THS as TRIM versus THS as CONTROL? How can one be separated from the other? It seems an incestuous combination of duties, and ripe to provide confusion.

As CONFiture has said, "One way or the Other". SA should be natural, intuitive, and rapidly moving. Stopping to think just to get a handle on the moment seems a dangerous waste of time.

Doesn't the Computer (FCS) take as much as TEN SECONDS to validate a LAW? In some situations, one imagines ten seconds may be an eternity, and in danger, delay is the Devil. (Unless it is appropriate, there's the rub).

takata,
Hmmm, may be the AB engineers cited in the ACA memo don't understand their aircraft, but they say explicitly on page 6: "Sur les PFD les vitesses VaPROT et VaMAX sont remplacés par Vsw".

@syseng68k:
 

In fact there is another (identical) set of xdcrs for the roll channel.

De redundacy is: 2 potmeters for each Flight Computer (2x roll & 2x pitch)
If 1 input rod becomes disconnected, both potmeterclusters are driven by the other crank & geartrain by means of the shearpin.
If 1 input rod/geartrain is jammend, the shearpin will break and allows free operation of the other set of potmeters.

To J T the Mod - a FBW thread?
 

I suggest we interested parties crank up a thread in the Tech Forum specifically devoted to FBW systems - philosophy, real engineering crapola, human factors, experience from several folks here when things went awry, and of course lessons-learned from AF447 and other FBW airline types.

I can't moderate, but can help.

I only suggest this as I was around when we saw the first fully-FBW system fielded in significant numbers - a charter member, if you will. My engineering background is so-so, not half as good as some here, but "adequate". I also worked with the high-tech avionics in operational jets earlier than many here due to my military experience, and most of that time I was solo.

I recall a question from a U.S. Senator at a hearing with our new Sec Def ( McNamara) who was fascinated with high-tech and other aspects of military equipment designs.
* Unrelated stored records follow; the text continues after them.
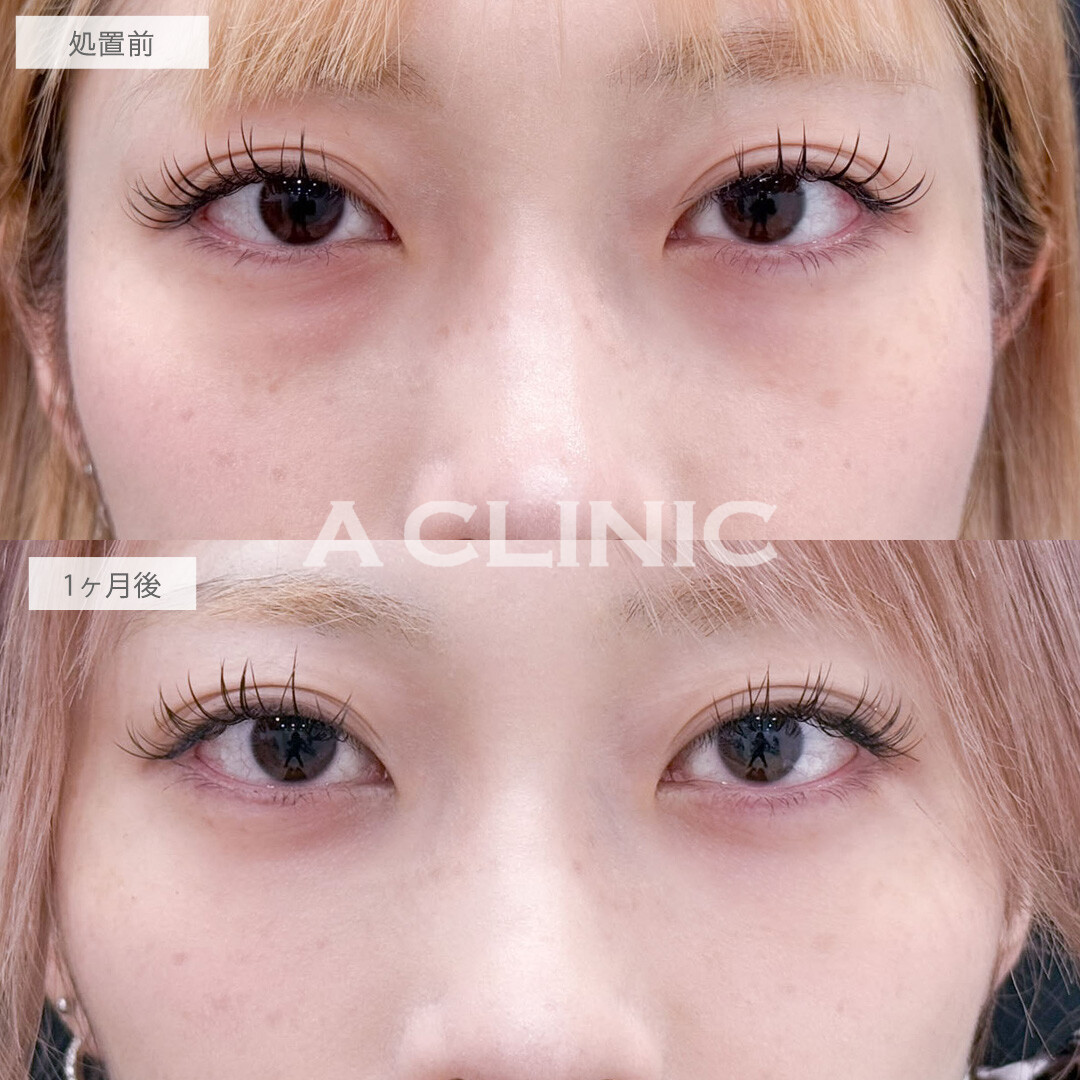 目の下のクマ取りで目元を明るくしお顔の印象まで変わりました！こちら処置前と1ヶ月後の症例です(20代女性)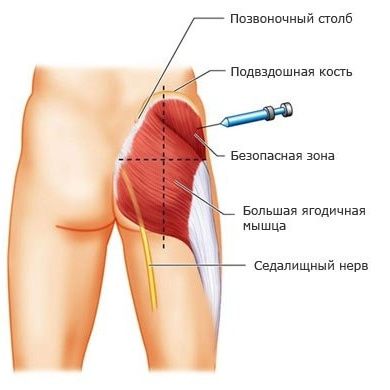 Тренировочный муляж ягодица для тренинга инекция на внутримышечно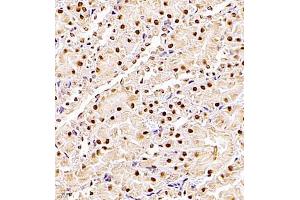 Immunohistochemistry of paraffin embedded rat kidney using ZHX3 (ABIN7076287) at dilution of 1:700 (400x lens)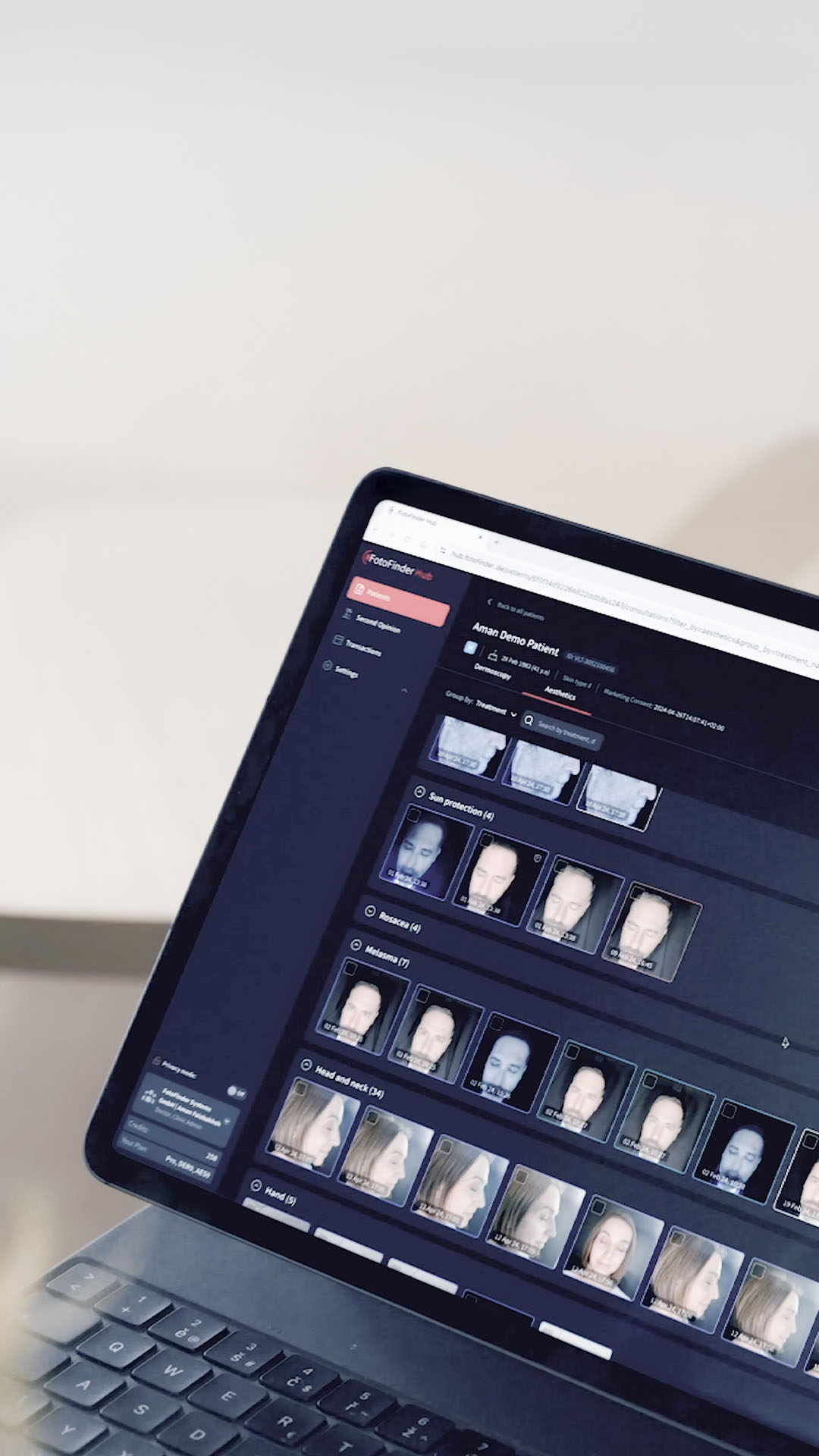 Verwaltung einer Trichoskopie-Aufnahme in der skeen App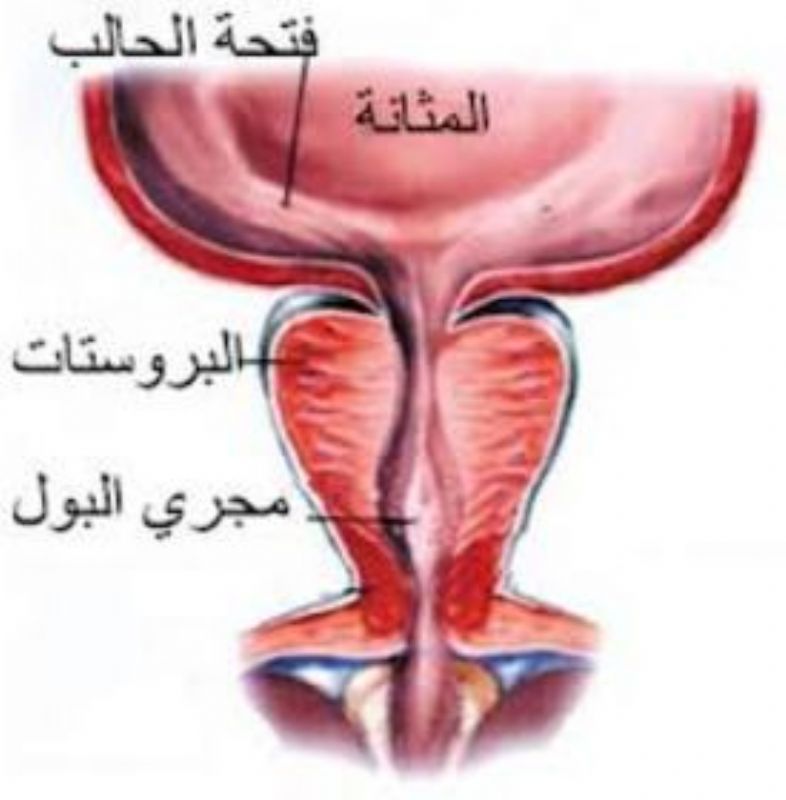 اعراض مرض البروستاتا وعلاجه - تجنب التهاب البروستاتا 5599 1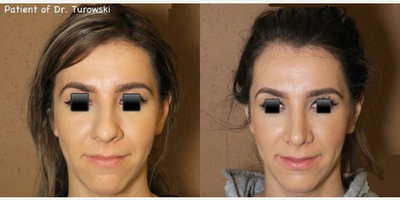 Woman treated with Rhinoplasty - Woman treated with Rhinoplasty
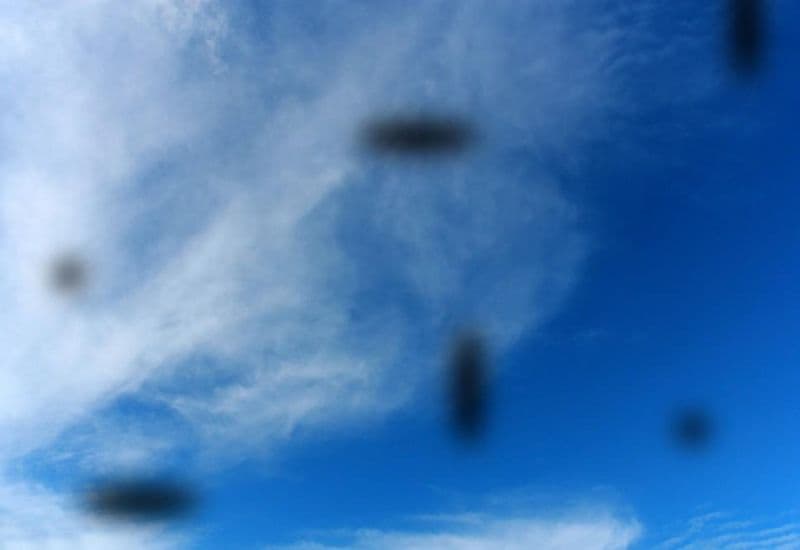 Cận nặng có bị mù không - Dấu hiệu cảnh báo sớm nguy cơ biến chứng ở người cận nặng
He asked the Secretary, "Just what experience, if any, do you have in these matters?"

Shuttle Flight Computer
 

I apologize if this has already been posted.

For safety critical system design folks:

Spaceflight Now | STS-135 Shuttle Report | Astronauts restart computer; Obama to call Atlantis today

I don't think that is correct - I think autotrim is always active outside of direct law (or manual backup) except in abnormal attitude law. Abnormal attitude law could, I guess, co-incide with low speed stability activation, but would not automatically follow from it.

It's a good theory, but there are incidents (more than one 737 I can think of) where it hasn't held up in practice. In situations where the automatics dump the plane back in the pilots' lap unexpectedly (perhaps trimmed up to the limit) it can only add to the workload.

Also, I think autotrim is effecitively requried for C* control law, so without it you are looking at direct law, and no protections/limits whenever A/P is out. Not sure that is going to be an improvement.

You could reduce the number of laws/transitions to simplify things - as others have suggested. Go straight to direct law, and hence manual trim, when things start to go wrong. I'm ambivalent on that - I can see from a design & engineering point of view that the current laws are a nice graceful degradation, which should make things easier.... however, all the different laws, sub-laws, caveats and footnotes add up to a lot of combinations to learn and fit in training on. It's arguably little use having intermediate graceful degradation modes if pilots are never trained on them.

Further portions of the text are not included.